WHAT YOU NEED TO DO>
Exactly and without additions, transcribe the line that contains "Cabinets, Flooring, Counter" and every line after it in the data.
----- DATA SHOWN -----
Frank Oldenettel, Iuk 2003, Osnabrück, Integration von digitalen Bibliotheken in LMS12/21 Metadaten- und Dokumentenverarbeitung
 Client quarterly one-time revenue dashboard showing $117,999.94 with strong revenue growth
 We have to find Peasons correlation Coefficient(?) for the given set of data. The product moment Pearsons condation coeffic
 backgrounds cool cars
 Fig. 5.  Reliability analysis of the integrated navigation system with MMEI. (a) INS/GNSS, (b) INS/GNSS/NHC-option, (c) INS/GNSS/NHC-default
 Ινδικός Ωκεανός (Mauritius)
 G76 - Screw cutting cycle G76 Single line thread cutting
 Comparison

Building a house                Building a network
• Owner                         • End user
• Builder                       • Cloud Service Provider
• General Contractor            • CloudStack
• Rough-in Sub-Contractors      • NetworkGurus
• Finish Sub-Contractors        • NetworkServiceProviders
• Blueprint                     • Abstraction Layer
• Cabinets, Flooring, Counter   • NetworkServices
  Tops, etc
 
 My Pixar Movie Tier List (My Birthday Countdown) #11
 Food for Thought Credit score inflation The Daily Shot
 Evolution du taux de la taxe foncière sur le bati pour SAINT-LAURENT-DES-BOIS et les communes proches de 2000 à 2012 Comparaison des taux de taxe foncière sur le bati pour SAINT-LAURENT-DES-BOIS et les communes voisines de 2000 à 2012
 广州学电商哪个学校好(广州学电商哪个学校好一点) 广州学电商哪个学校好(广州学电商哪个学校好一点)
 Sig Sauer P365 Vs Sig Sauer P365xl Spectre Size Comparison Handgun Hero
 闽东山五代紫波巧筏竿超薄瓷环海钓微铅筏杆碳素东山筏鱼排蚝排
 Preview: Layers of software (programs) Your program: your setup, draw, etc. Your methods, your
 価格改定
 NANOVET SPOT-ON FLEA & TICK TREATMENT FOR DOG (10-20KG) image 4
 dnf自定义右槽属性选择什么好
-----
EXERCISE ANSWER>
• Cabinets, Flooring, Counter   • NetworkServices
  Tops, etc
 
 My Pixar Movie Tier List (My Birthday Countdown) #11
 Food for Thought Credit score inflation The Daily Shot
 Evolution du taux de la taxe foncière sur le bati pour SAINT-LAURENT-DES-BOIS et les communes proches de 2000 à 2012 Comparaison des taux de taxe foncière sur le bati pour SAINT-LAURENT-DES-BOIS et les communes voisines de 2000 à 2012
 广州学电商哪个学校好(广州学电商哪个学校好一点) 广州学电商哪个学校好(广州学电商哪个学校好一点)
 Sig Sauer P365 Vs Sig Sauer P365xl Spectre Size Comparison Handgun Hero
 闽东山五代紫波巧筏竿超薄瓷环海钓微铅筏杆碳素东山筏鱼排蚝排
 Preview: Layers of software (programs) Your program: your setup, draw, etc. Your methods, your
 価格改定
 NANOVET SPOT-ON FLEA & TICK TREATMENT FOR DOG (10-20KG) image 4
 dnf自定义右槽属性选择什么好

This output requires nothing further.